Densely packed decimal (DPD) to decimal, with logic gates

13

Inspired by recent popularity of nandgame on TNB, and my own previous challenge.

Background

Densely packed decimal (DPD) is a way to efficiently store decimal digits in binary. It stores three decimal digits (000 to 999) in 10 bits, which is much more efficient than naive BCD (which stores one digit in 4 bits).

Conversion table

DPD is designed to easily convert between the bits and the digits by simple pattern matching from top to bottom. Each bit pattern defines how many high digits (8-9) the number has, where they are, and how to move the bits to form the decimal representation.

The following is the conversion table from 10 bits of DPD to three decimal digits. Each decimal digit is represented as 4-bit binary (BCD). Both sides are written left to right from the most significant digit to the least.

Bits                 =>  Decimal         (Digit range)

a b c d e f 0 g h i  =>  0abc 0def 0ghi  (0-7) (0-7) (0-7)

a b c d e f 1 0 0 i  =>  0abc 0def 100i  (0–7) (0–7) (8–9)
a b c g h f 1 0 1 i  =>  0abc 100f 0ghi  (0–7) (8–9) (0–7)
g h c d e f 1 1 0 i  =>  100c 0def 0ghi  (8–9) (0–7) (0–7)

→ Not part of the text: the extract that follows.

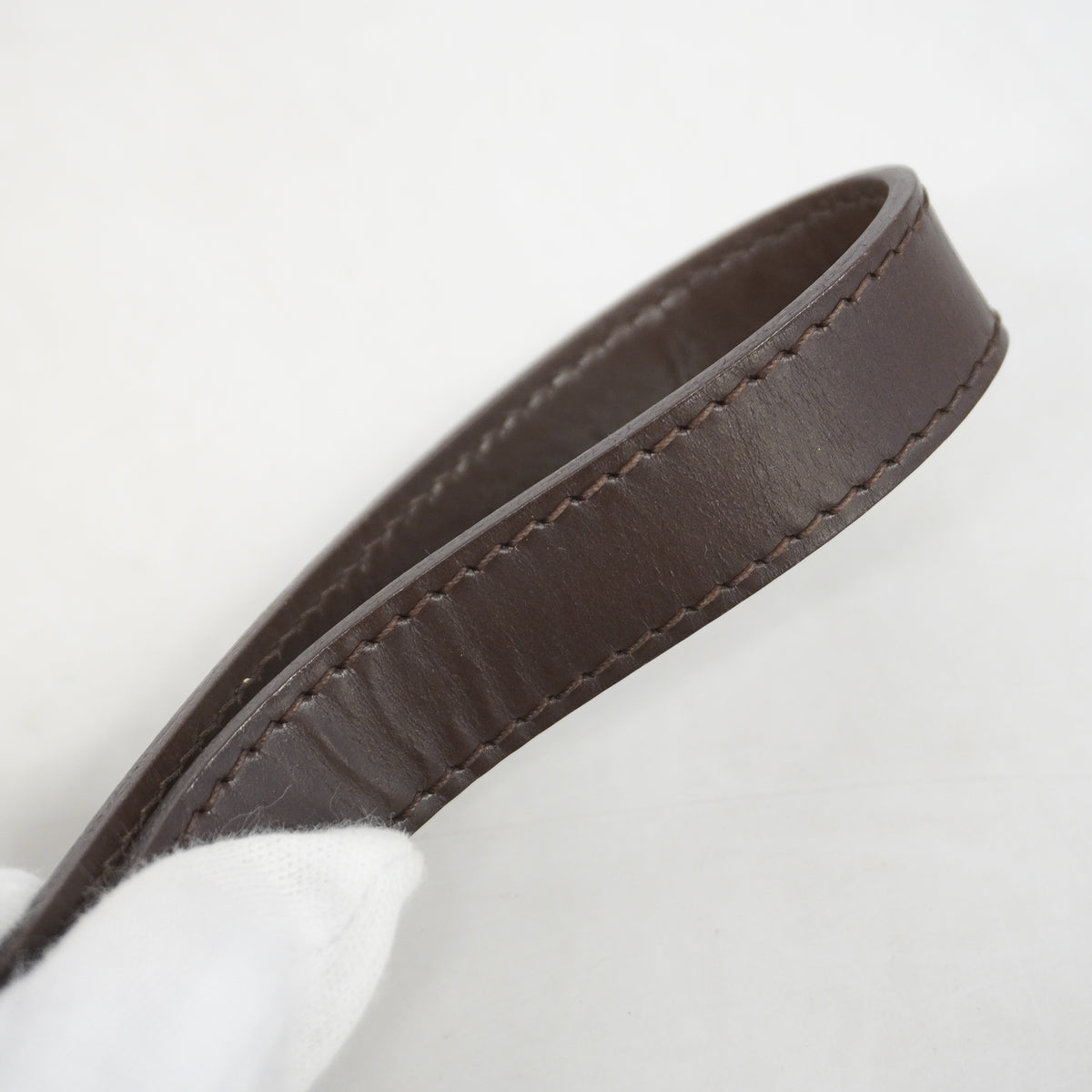 【6kd3456】ルイヴィトン ショルダーバッグ ダミエ ブルームズベリPM N42251 エベヌ【中古】レディース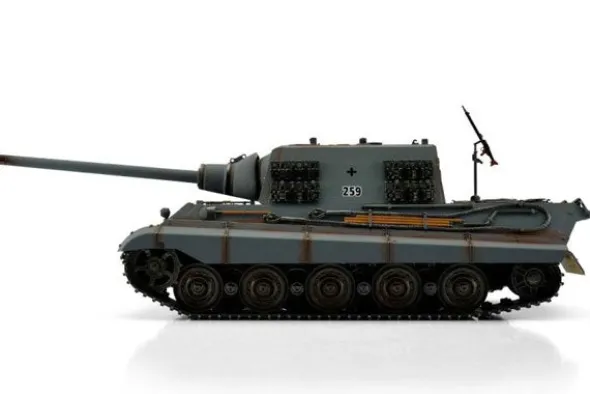 PRO-EDITION JAGDTIGER - PALLINI 1:16 - GRAY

g h c 0 0 f 1 1 1 i  =>  100c 100f 0ghi  (8–9) (8–9) (0–7)
d e c 0 1 f 1 1 1 i  =>  100c 0def 100i  (8–9) (0–7) (8–9)
a b c 1 0 f 1 1 1 i  =>  0abc 100f 100i  (0–7) (8–9) (8–9)
x x c 1 1 f 1 1 1 i  =>  100c 100f 100i  (8–9) (8–9) (8–9)

Notations

  • The lowercase letters a to i are the bits that are copied to the decimal representation.
  • 0 and 1 are the exact bits in the input or output bit patterns.
  • x bits are ignored in the conversion.

Task

Build a logical circuit using two-input NAND gates to convert 10 bits of DPD to 12 bits of BCD.

Examples

Emphasized bits are the pattern-matching bits.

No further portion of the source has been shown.